§ **Given entries**
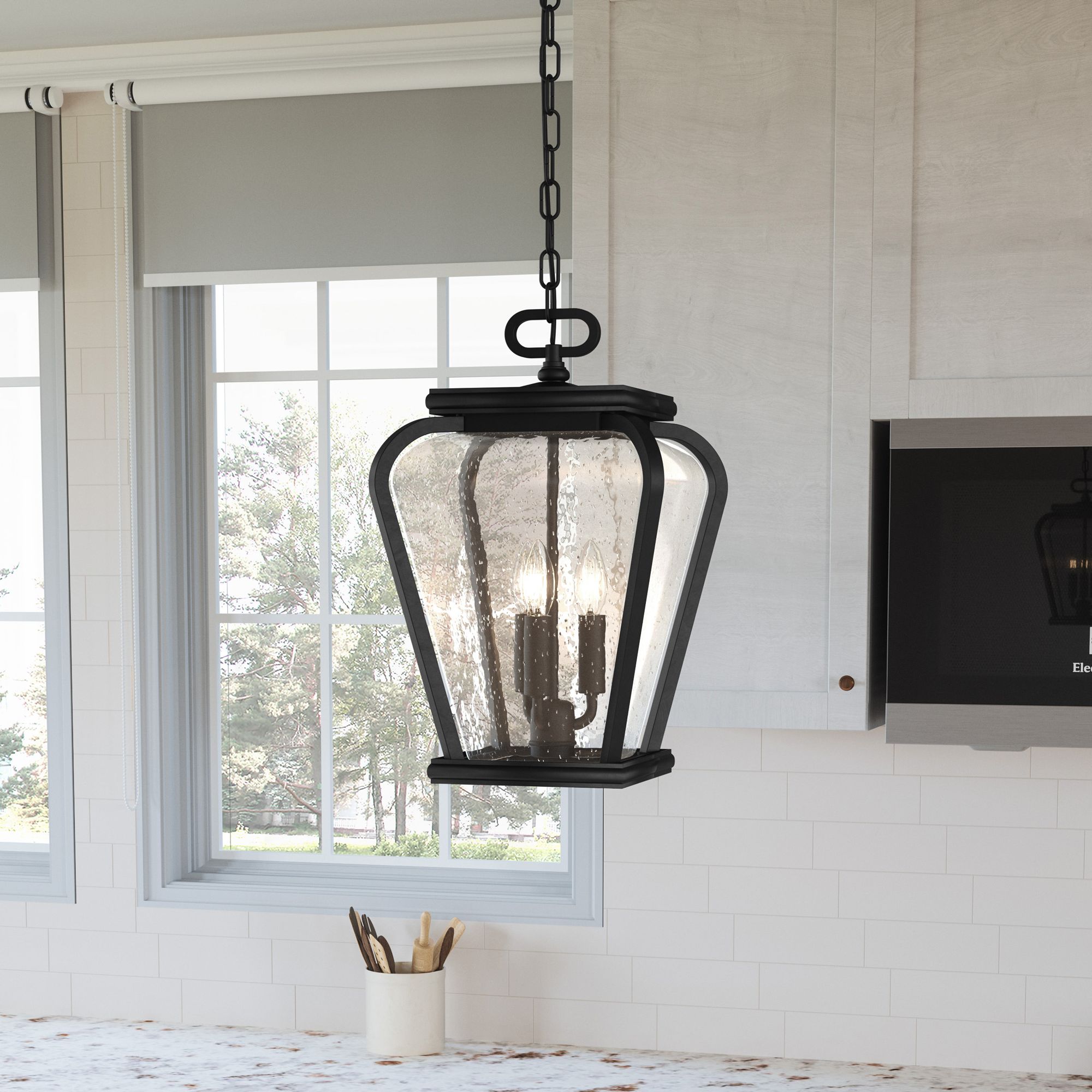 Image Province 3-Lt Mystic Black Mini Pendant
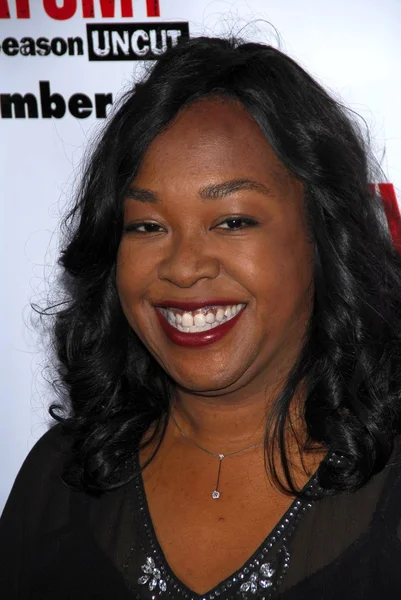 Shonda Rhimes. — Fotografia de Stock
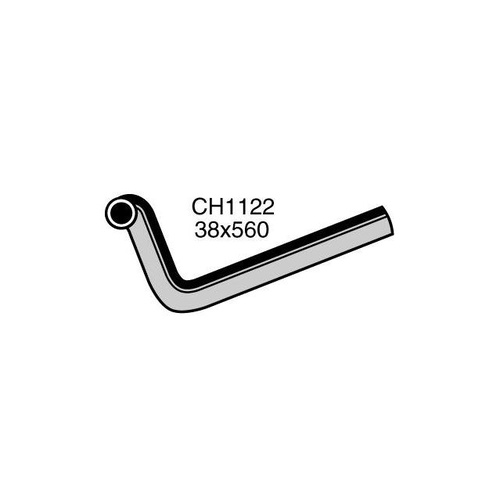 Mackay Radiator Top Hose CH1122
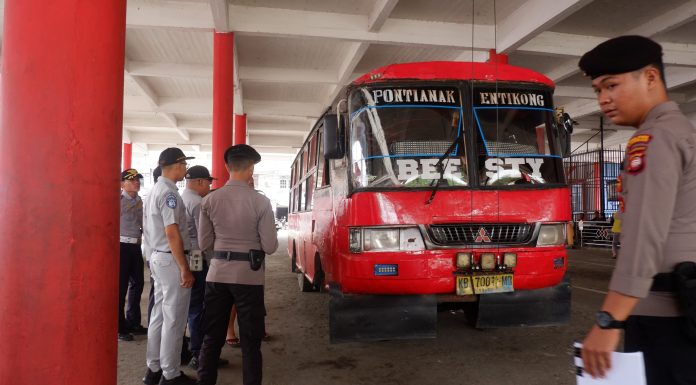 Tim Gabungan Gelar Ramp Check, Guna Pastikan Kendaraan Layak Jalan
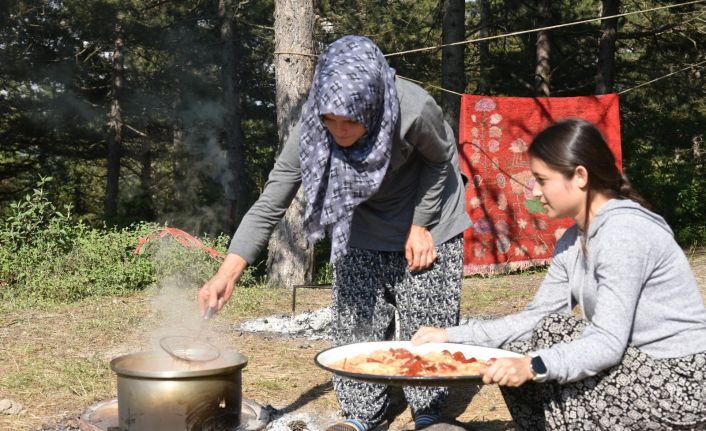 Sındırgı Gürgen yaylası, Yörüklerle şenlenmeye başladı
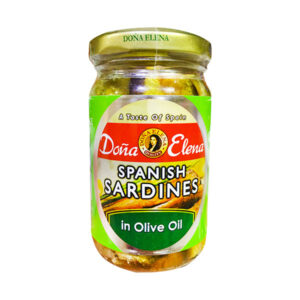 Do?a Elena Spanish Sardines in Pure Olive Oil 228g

§ **Task**
The lines to be quoted run from the line containing "Tim Gabungan Gelar" through the end of the entries above, both included; quote them exactly and leave out any pictures.

§ **Result of the task**
 Tim Gabungan Gelar Ramp Check, Guna Pastikan Kendaraan Layak Jalan
 Sındırgı Gürgen yaylası, Yörüklerle şenlenmeye başladı
 Do?a Elena Spanish Sardines in Pure Olive Oil 228g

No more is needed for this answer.